Firestore transactions are designed to perform atomic operations on one or more documents. They require real-time communication with the Firestore backend to: 1. Read the current state of documents involved in the transaction 2. Execute the transaction handler function (which may run multiple times due to optimistic concurrency control) 3. Verify changes haven't conflicted with other concurrent writes 4. Commit the changes atomically When your client is offline, the SDK cannot communicate with Firestore servers, so transactions fail immediately. Unlike regular writes (set, update, delete) which queue offline and sync when reconnected, transactions cannot be queued because they depend on server-side validation and consistency guarantees.
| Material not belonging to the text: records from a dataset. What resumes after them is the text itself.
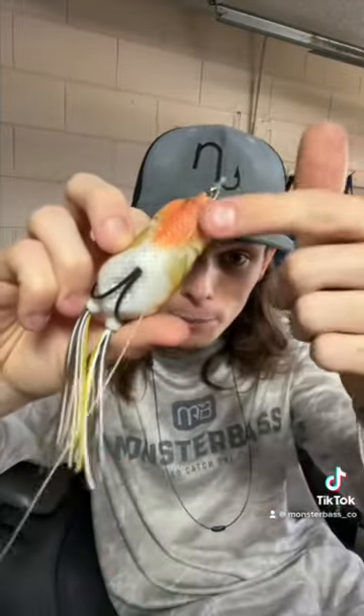The second thing you can do to add some pizzazz to your frog is take an orange sharpie and give it an underbelly. This is a great way to mimic bluegill and you'll catch a lot more fish doing it.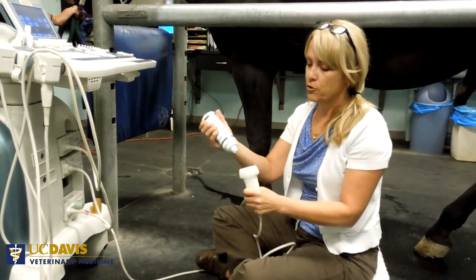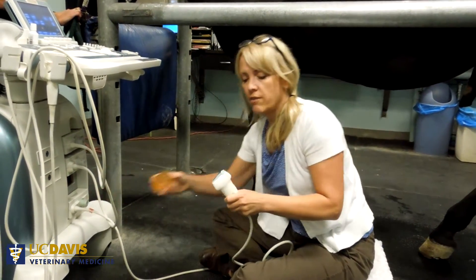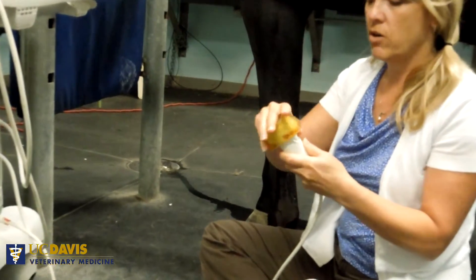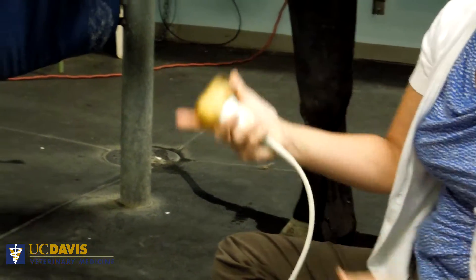The first thing is if you're using a standoff, you want to make sure that you put some gel between the standoff and the transducer, but not too much because you don't want the gel to come oozing out and make it real slippery to hold on to those two structures or the transducer.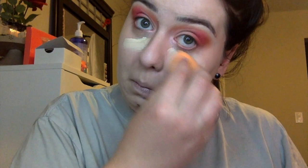Now just using the rest of the concealer on the back of my hand and placing that under my eyes, and then I come along with the Toothpaste concealer and put a little bit of that as well. Setting it with the RCMA no-color powder.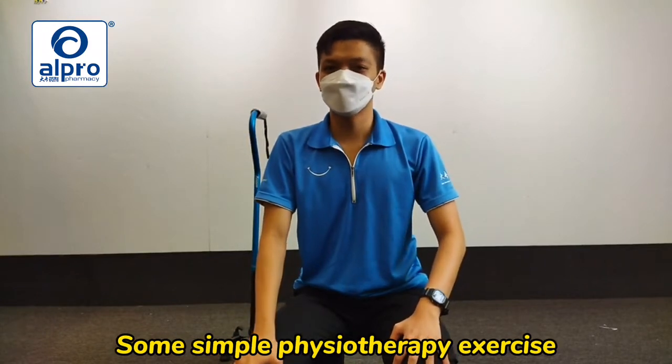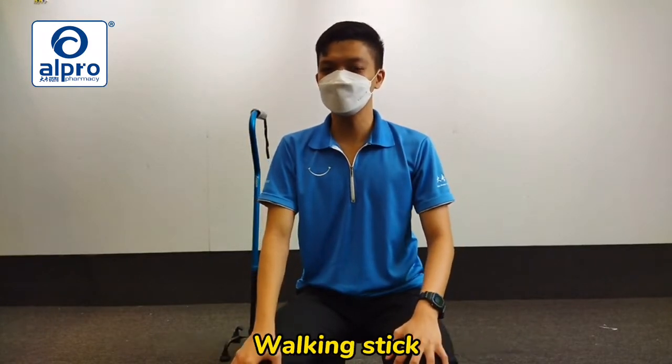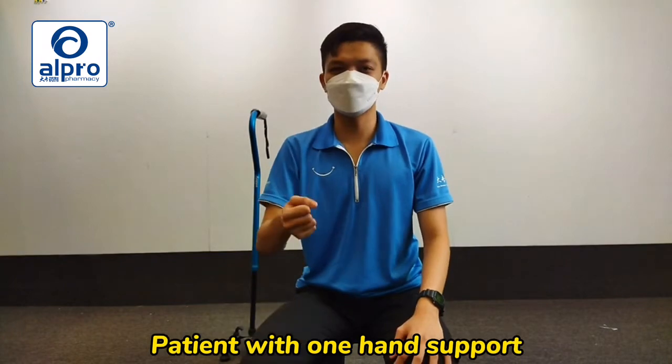Hi, I'm Zhong Han, Fission Therapist from LPro. Today, I'm going to teach you some simple Fission Therapy exercises, which can be done using a walking stick in which a patient with one hand support.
Use the enableNetwork() and disableNetwork() methods to detect and handle offline state:
// JavaScript/Web
import { collection, query, onSnapshot, runTransaction, disableNetwork, enableNetwork } from "firebase/firestore";
const db = getFirestore();
// Check if currently online
firebase.firestore().disableNetwork().then(() => {
// Network is disabled (offline mode)
}).catch(() => {
// Network is enabled (online mode)
});// Android
import com.google.firebase.firestore.ktx.firestore
import kotlinx.coroutines.*
val db = Firebase.firestore
db.disableNetwork()
.addOnSuccessListener {
// Offline mode enabled
}
.addOnFailureListener { e ->
// Network is already disabled or error occurred
}Wrap transaction calls in a check:
if (navigator.onLine) {
// Safe to run transaction
await db.runTransaction(async (transaction) => {
// Your transaction code
});
} else {
console.warn("Cannot run transaction: client is offline");
// Handle offline case
}If you need atomic operations that work offline, use batch writes instead. Batch writes queue offline and sync when the connection is restored:
// This works offline and queues until reconnection
const batch = db.batch();
const ref1 = db.collection("users").doc("user1");
batch.set(ref1, { name: "Alice", updated: new Date() });
const ref2 = db.collection("users").doc("user2");
batch.update(ref2, { status: "active" });
const ref3 = db.collection("logs").doc("log1");
batch.delete(ref3);
await batch.commit(); // Will queue if offlineImportant limitation: Batch writes cannot read data, only write. They cannot enforce consistency like transactions do. Use them when you don't need to read existing data to decide what to write.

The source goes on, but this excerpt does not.